─── THE INPUT

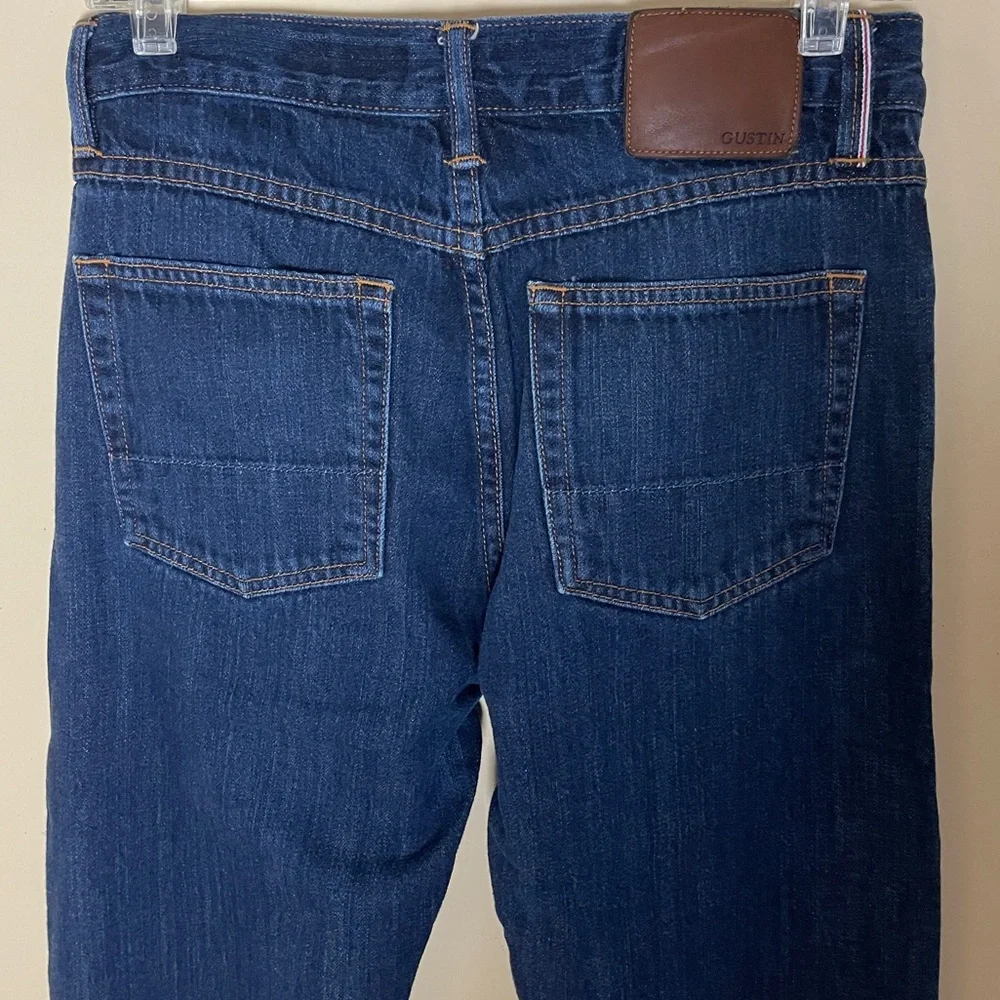 Gustin Men's Straight Jeans Washed Finish Selvedge Button Fly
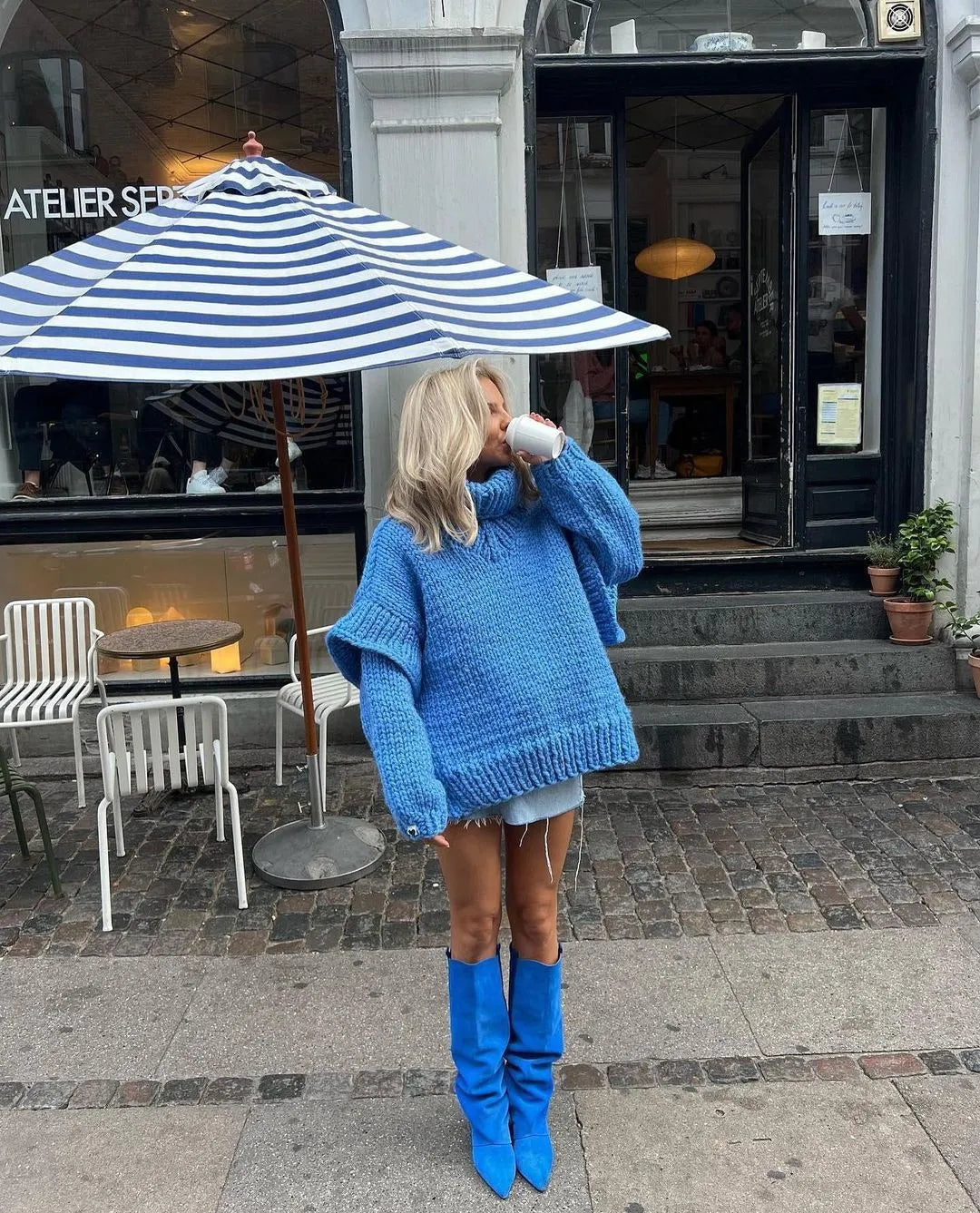 Damen Oversize Strickpullover Rollkragen Grobstrick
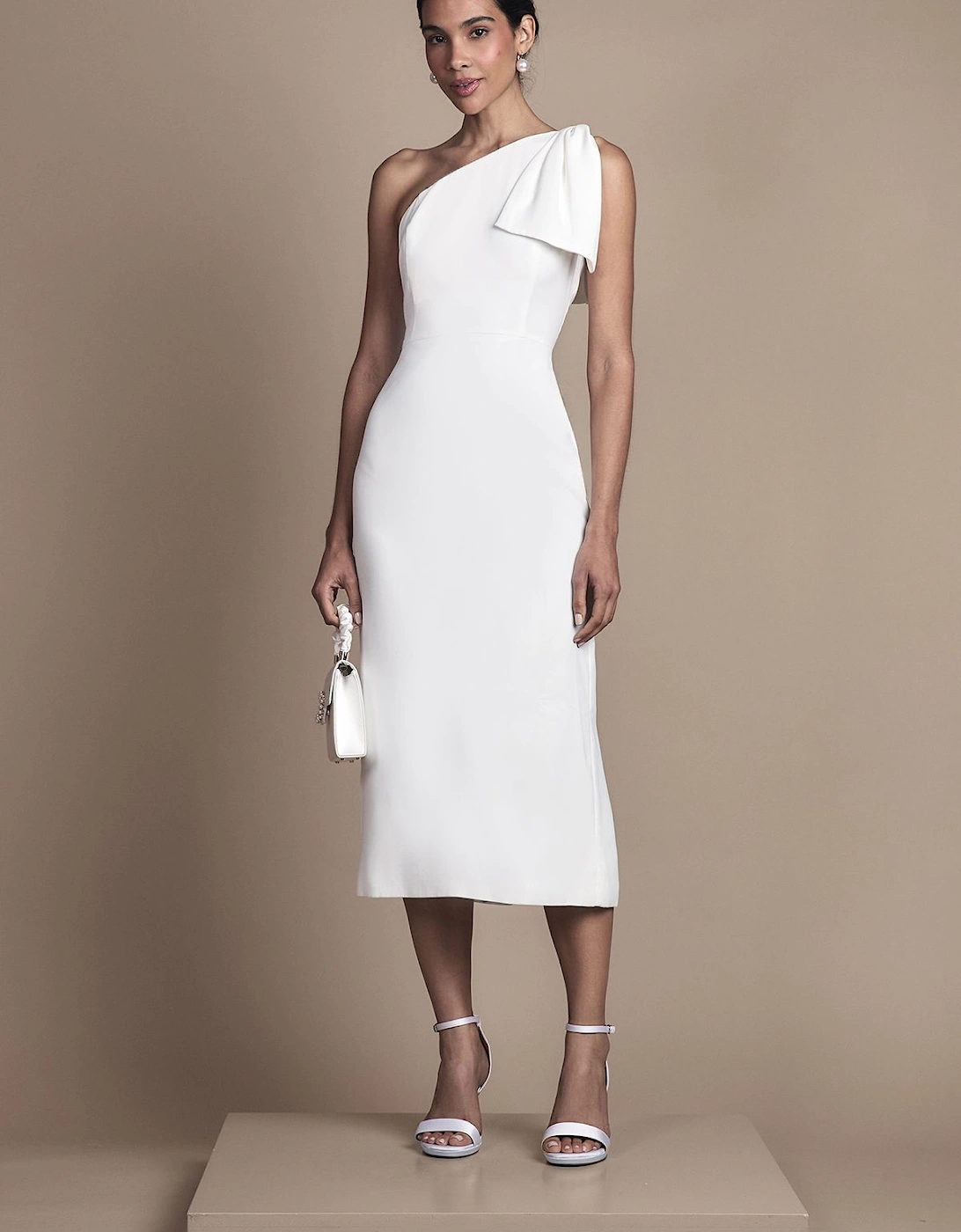 Bow One Shoulder Midi Wedding Dress, 2 of 1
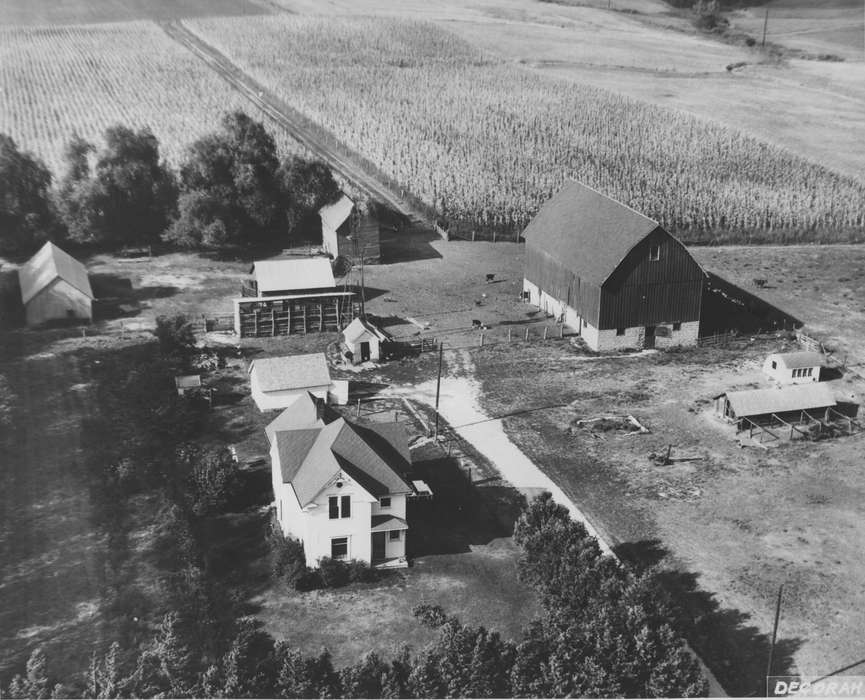 Barns, cornfield, Iowa History, Aerial Shots, Iowa, Courtney, Patricia, Farms, Coralville, IA, history of Iowa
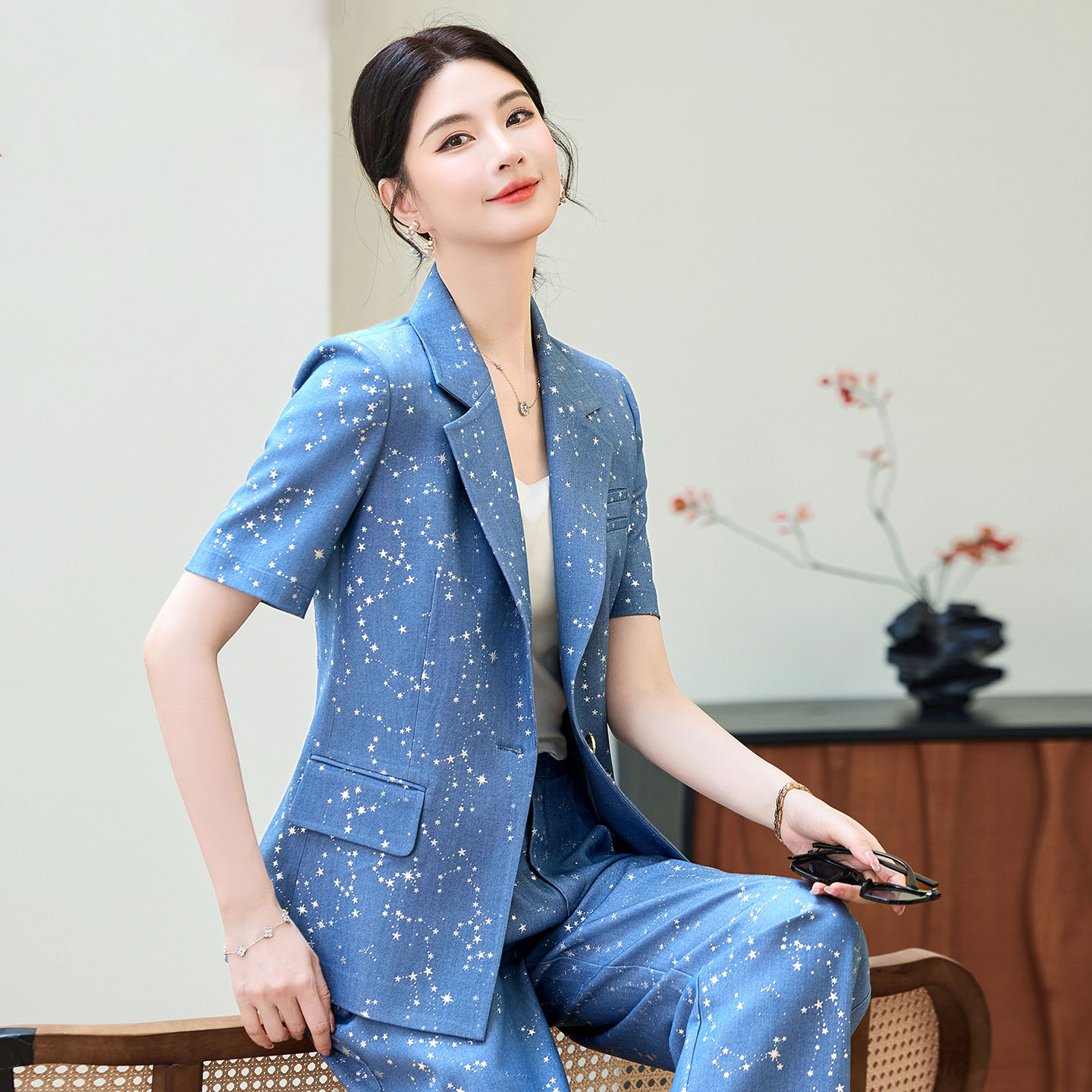 Women'S Office Formal Wear For Ladies - แฟชั่นสีฟ้าสีเหลืองแขนสั้นชุดสูทมืออาชีพผู้หญิงฤดูร้อนใหม่สง่างามอย่างเป็นทางการสลิมเบลเซอร์และกางเกงสำนักงานสุภาพสตรีชุดทำงาน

──────

__ABOUT THIS TASK__:
Please transcribe, with no additions, the lines starting at the one that contains "Bow One Shoulder Midi Wedding Dress, 2 of 1" and running through the last line of the entries, inclusive. Leave the pictures out.

__RESPONSE TO THE EXERCISE__:
 Bow One Shoulder Midi Wedding Dress, 2 of 1
 Barns, cornfield, Iowa History, Aerial Shots, Iowa, Courtney, Patricia, Farms, Coralville, IA, history of Iowa
 Women'S Office Formal Wear For Ladies - แฟชั่นสีฟ้าสีเหลืองแขนสั้นชุดสูทมืออาชีพผู้หญิงฤดูร้อนใหม่สง่างามอย่างเป็นทางการสลิมเบลเซอร์และกางเกงสำนักงานสุภาพสตรีชุดทำงาน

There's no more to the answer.